Rose Butler (November 1799 – July 9, 1819) was an enslaved domestic worker in New York City. In 1819, she was hanged for arson. At the time, the only capital crimes in New York State were first degree arson and murder. Butler was the penultimate person executed in New York State for arson. The last person to be executed for arson in the state was a white man named Horace Conkling in 1851.

== Early life ==
Butler was born in November 1799, in Mount Pleasant, New York. She was described as intelligent and having had "the benefit of instruction". She was enslaved by a one Colonel Straing in Mount Pleasant, before being sold as a slave to various other households. She was later enslaved by Abraham Child at his home in New York City. In 1817, she was sold to William L. Morris.

== Arson conviction and death sentence ==
In 1819, Butler was arrested for arson.
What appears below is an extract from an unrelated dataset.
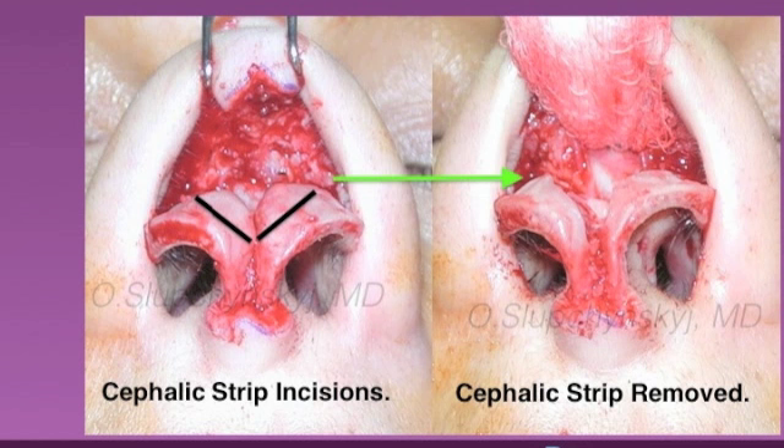In this surgical photo, we can see on the left the black lines represent the lines where the incisions for the cephalic strip will be performed. On the right is a photo that shows the cephalic strip incised and removed.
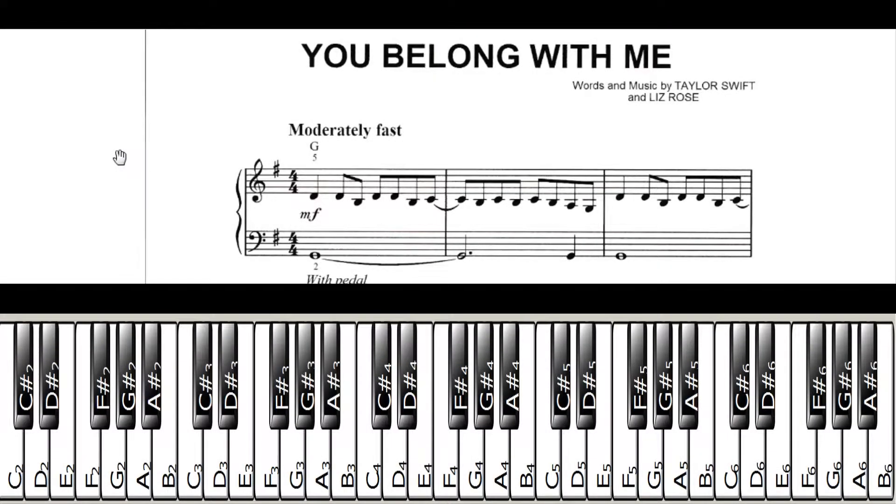This is a special video of 'You Belong With Me' by Taylor Swift for the winner of the Lessons on the Web Facebook contest. Ahmed, I think I'm saying your name right — sorry if I mispronounced it. We're just going to get started here. I'm going to make things as simple as I can, like you had requested, so we'll see how that goes.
She was charged with attempting to burn down the family home with the family inside; the damage was minor, but she was convicted and sentenced to death. The New York Supreme Court, after an appeal, ruled that what she did constituted first degree arson. After incarceration at the Bridewell prison, she was hanged near present-day Washington Square Park, from a gallows in the city's potter's field, on the eastern side of Minetta Creek, about 500 ft from the Hangman's Elm. The hanging attracted an estimated 10,000 spectators.

The following doggerel lines were recalled 50 years later as having been "chalked about the fences":
Rose Butler sat upon a bench—

Down drop't the trap and hanged a negro wench.

==Media==
- Rose Dies Friday (2019) by Annette Daniels Taylor, a short film (8:21) whose creator calls it a "cinematic poem".

== Archival material ==
The New-York Historical Society holds "a confession, statements, and an affidavit", a total of seven items. Included is a statement of Eliza Duell, a white woman placed in the apartment holding Butler during her arrest.